It all started with a prayers, R250.00 and sacrificial love. Out of the goodness of her heart, my sister contributed to what I have become today, we may not have had the same picture of how I can better my chances of getting a job, but we both had the same end in mind, to see me do justice to a pool of potential and resilience that I have. She planted a seed, which not only opened a door to my desire to go to varsity, but it also made me see love in action, an outpouring of God’s gift that is family and her will to see me succeed. All it took was a prayer, R250.00 and sacrificial love.

Tuesday, August 20, 2013

THE IMPACT OF A NEAR-DEATH EXPERIENCE…my gun incident!



Almost a year ago, in September, the strange closing of my bedroom door woke me up in the middle of the night and I immediately got up to go check what’s on the other side of my room.  I put on the light but before I reached for my doorknob, someone beat me to it; and with my half-closed eyes I saw a dark hand reaching for the switch and managing to switch off the lights. By now, all the soberness that had escaped in the first part of what turned into a horrible night revisited again. Although, in between moments, I would fall into a trance to reminisce about what I just experienced, the stranger on the other side didn’t give me the opportunity to let my mind decide it this all a dream or not. He managed to open the door and come in, while I’m still trying to be in the moment, I suddenly felt a very cold and heavy thing on my head and I touched it only to feel that it’s a gun…

Let me hold that position as I reach back in time a few hours earlier to the incident. I went to bed fairly early, as I do on Sundays and it had been quite a good one. No sign that I was going to be held at gunpoint at the dawn of the next morning; not that there normally is. I actually prefer it this way. (I mean, who wants to know that they are about die in the next few hours). Anyway, the stranger pushed me back inside, closed the door and sat me on my bed. Only then I realized, I know this stranger; I know this stranger so well, in fact, I’ve spoken to them quite a few times to be confused by what I’m seeing. While this is all happening, no words are coming from my mouth, I can’t even think properly. This stranger starts asking me to participate and not even make any noise, because he will blow my brains out.  Tears started rolling down my eyes as my mind finally joins the party. I’m about to die!!

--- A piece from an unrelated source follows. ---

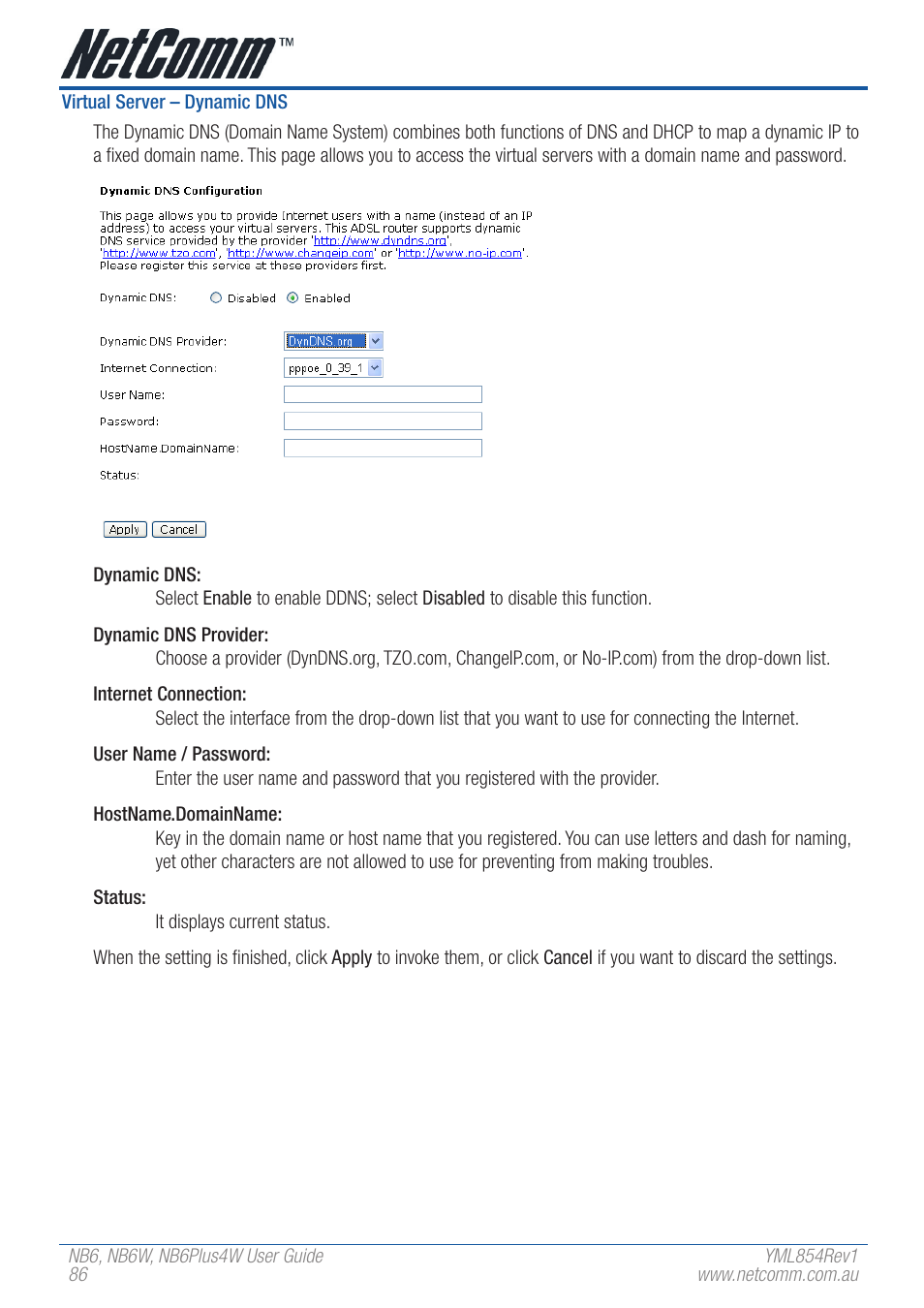 NetComm NB6 User Manual | Page 86 / 152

Since my mind is trying to catch up, I’m imagining gunshots in my head, what’s going to happen next, and what exactly is happening. Great! So I’m not dreaming… that much I’ve gathered from the tears that freeze my warm cheeks. In between my wild imagination and a pending reality, this person is telling me the reason he’s here and what he plans to do during his visit. I’m about to die. I’ve gathered that his plan is to kill one of my family members, so he drags me outside my room to the other one, at this moment, he’s tied my hands so I struggle to find balance. While all of this is happening, I come to the sad realization that I haven’t started living, yet my life is about to end. Trust me, the last thing on my mind is the 20 page assignment that was due the Wednesday, all I could think about is death. Whenever my tears give me break to see through, I looked up hoping to see some staircase rolling out for me to climb on. From this day I knew I should sop watching so much TV.

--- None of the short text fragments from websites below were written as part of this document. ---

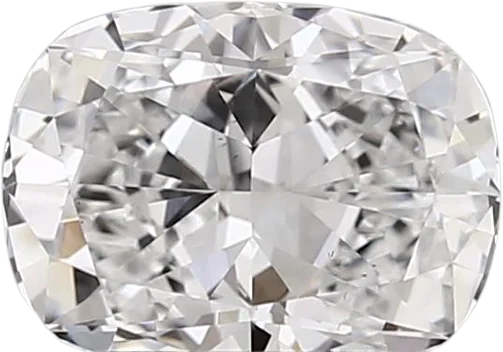 1.37 Carat E vs1 Elongated Cushion Lab Diamond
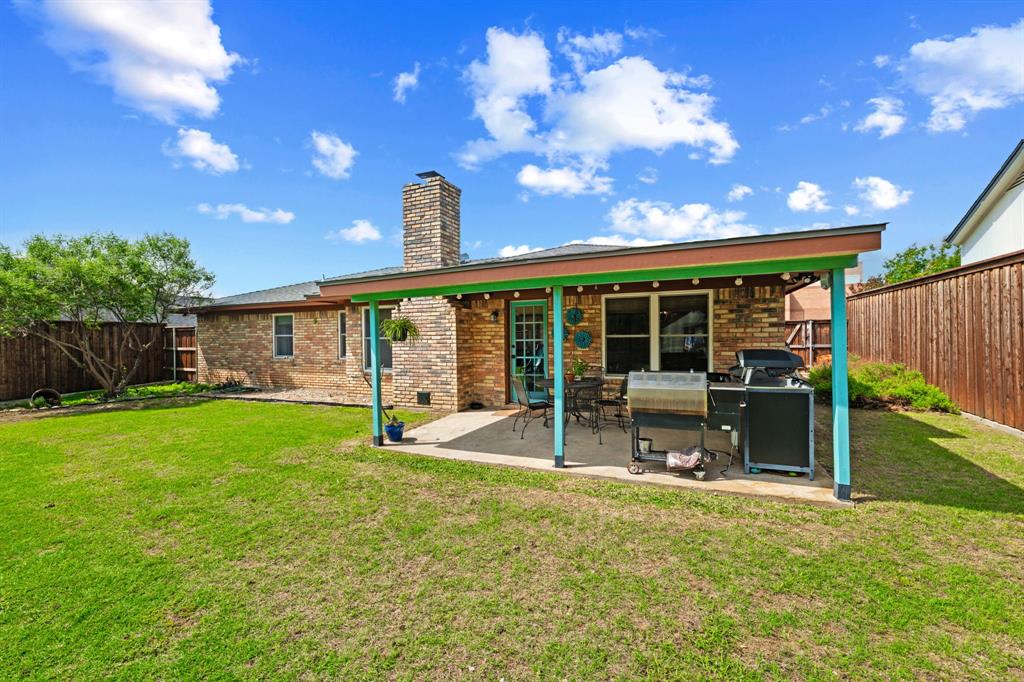 224 Overcrest Drive Benbrook, TX 76126 - Photo 31 of 39 a swimming pool with outdoor seating and yard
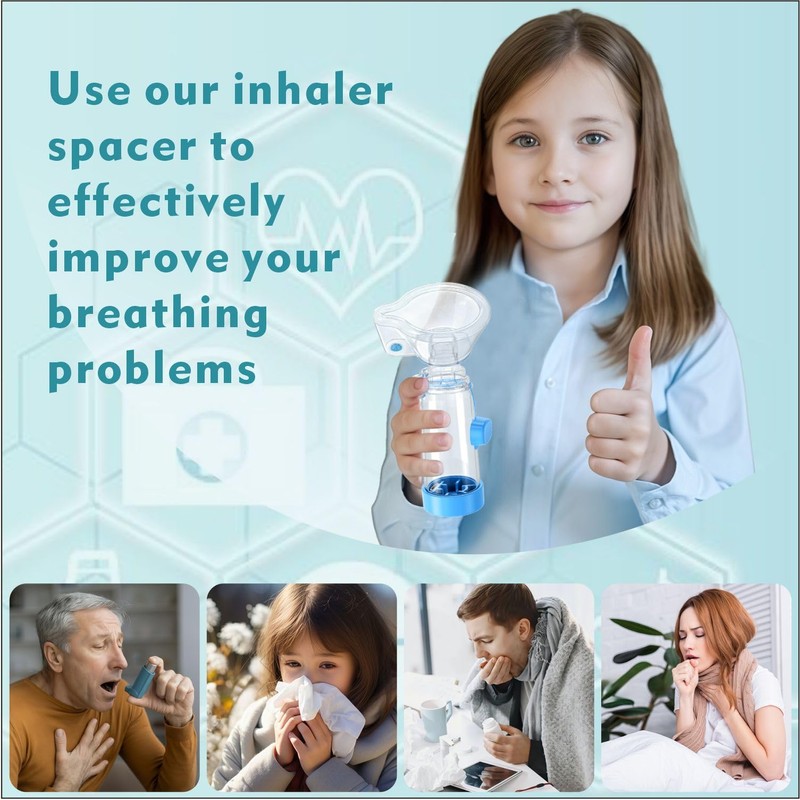 Soft Silicone Inhaler Spacers for Adults and Kids - Fun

Since this story is about me, I’m not going to go into detail about why the person wanted to go on a kill, but I want to talk about how this experience changed me. There is something about a near-death experience like this that changes your whole view of life and forces you to mend your priorities. I was just a girl looking to get my degree and finally start living. With a gun held to my head, I thought to myself “if this person doesn’t shoot, I’m going to scream at those who didn’t protect me while they were well aware of what happening, then I’m going to go to school and tell my lecturer to not expect my assignment because I’m not doing it.  Well, I’m here and you’re reading this, so that means he didn’t pull the trigger, so as I promised myself, I did both of those things, except, my senses came back and I submitted my assignment a week later. (You see; it helps to have a case number, especially when you plan to push all your tests because you’re not ready).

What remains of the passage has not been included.